» **TASK**: Copy exactly, and only, the lines from the line containing "Bluetooth 2D Scanner" through the last line of the records below, both included, and leave out any pictures.

(Data extracted from a collection)
• • • •
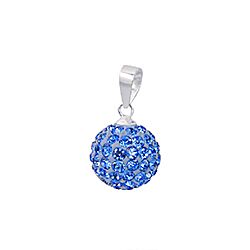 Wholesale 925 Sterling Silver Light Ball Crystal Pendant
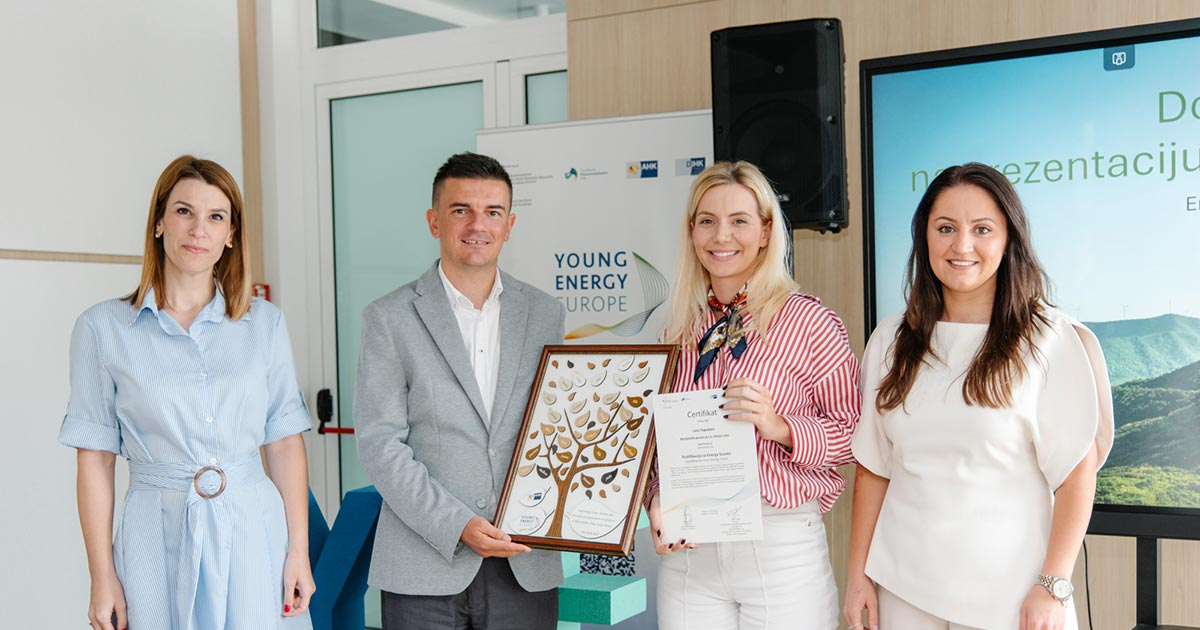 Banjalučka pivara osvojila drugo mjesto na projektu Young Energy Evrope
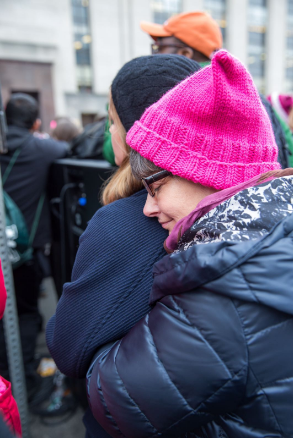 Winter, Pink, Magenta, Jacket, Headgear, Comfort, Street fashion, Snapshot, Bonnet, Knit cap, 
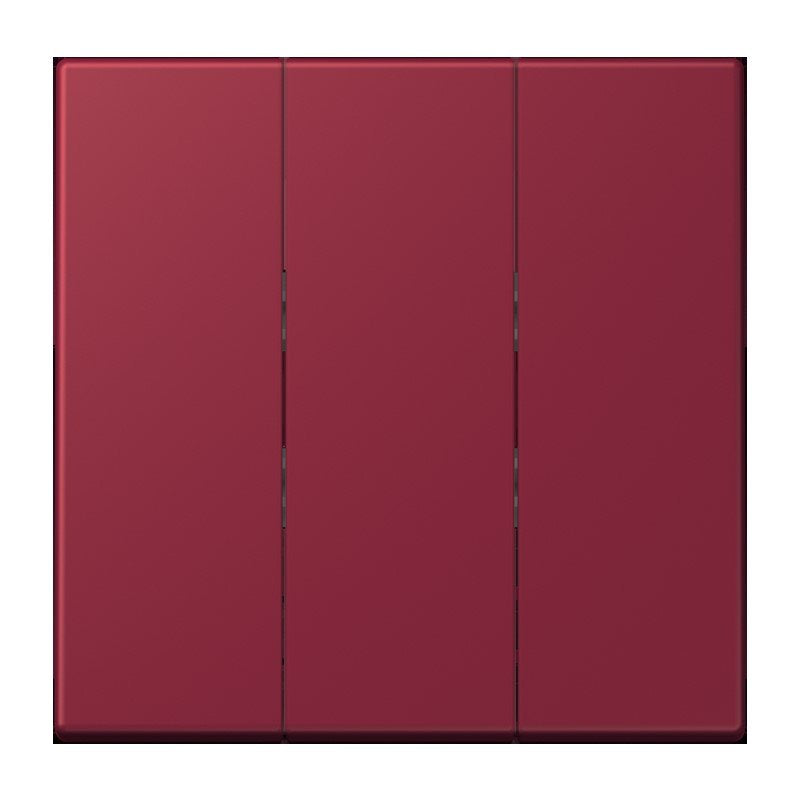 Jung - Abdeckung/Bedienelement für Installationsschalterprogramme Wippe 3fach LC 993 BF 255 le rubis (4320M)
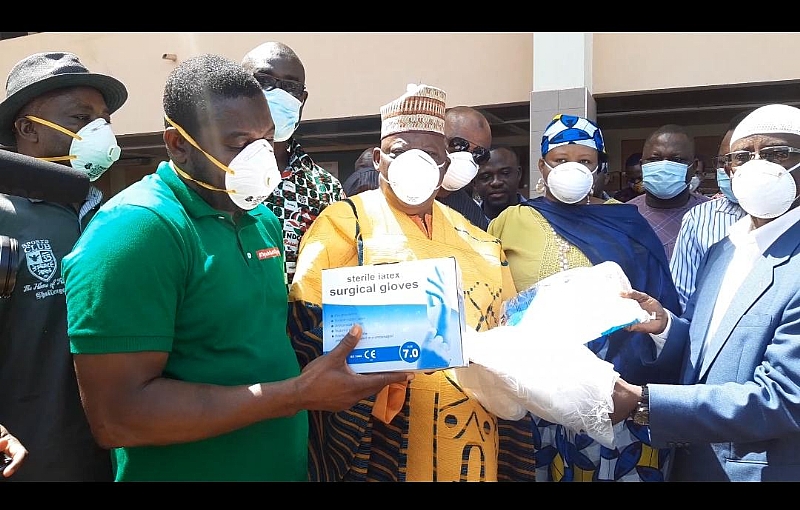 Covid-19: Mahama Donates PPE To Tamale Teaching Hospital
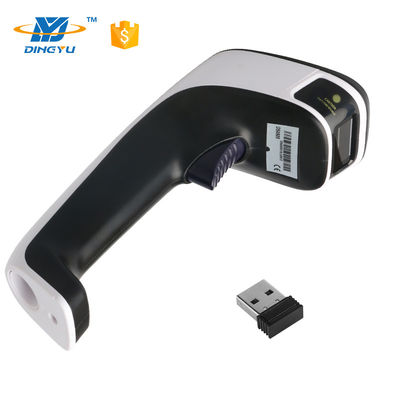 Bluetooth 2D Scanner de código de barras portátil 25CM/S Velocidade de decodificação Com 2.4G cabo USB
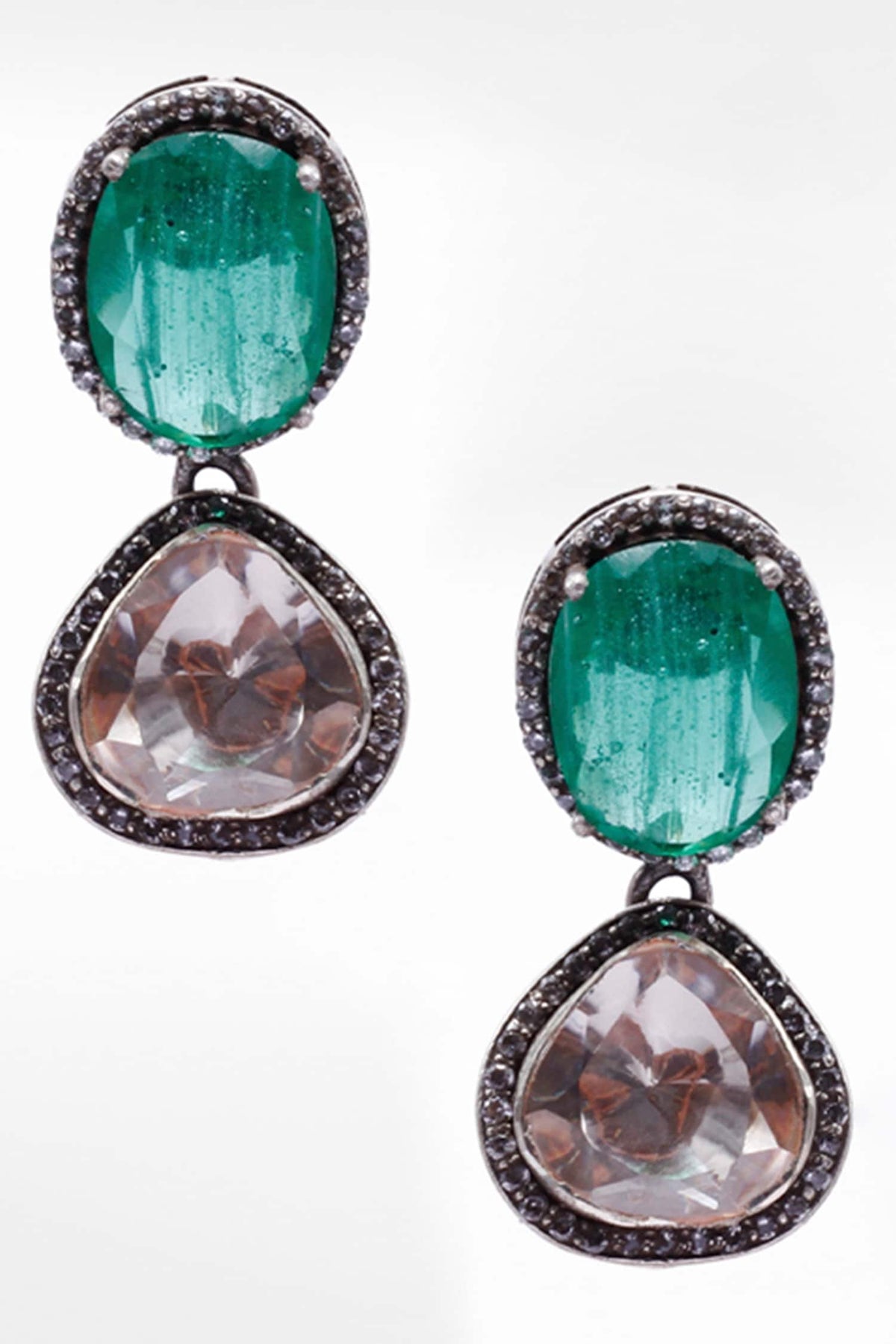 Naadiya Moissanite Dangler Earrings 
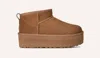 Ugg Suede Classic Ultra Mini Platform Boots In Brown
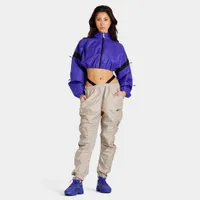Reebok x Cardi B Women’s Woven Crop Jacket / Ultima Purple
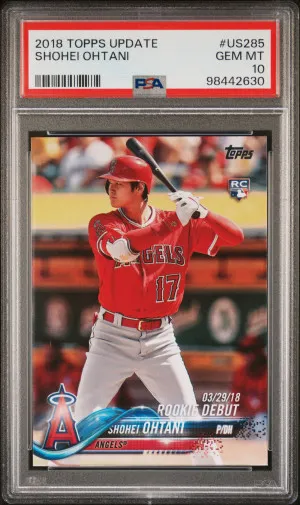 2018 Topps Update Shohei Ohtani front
• • • •
» **ANSWER SPACE**:
 Bluetooth 2D Scanner de código de barras portátil 25CM/S Velocidade de decodificação Com 2.4G cabo USB
 Naadiya Moissanite Dangler Earrings 
 Ugg Suede Classic Ultra Mini Platform Boots In Brown
Reebok x Cardi B Women’s Woven Crop Jacket / Ultima Purple
 2018 Topps Update Shohei Ohtani front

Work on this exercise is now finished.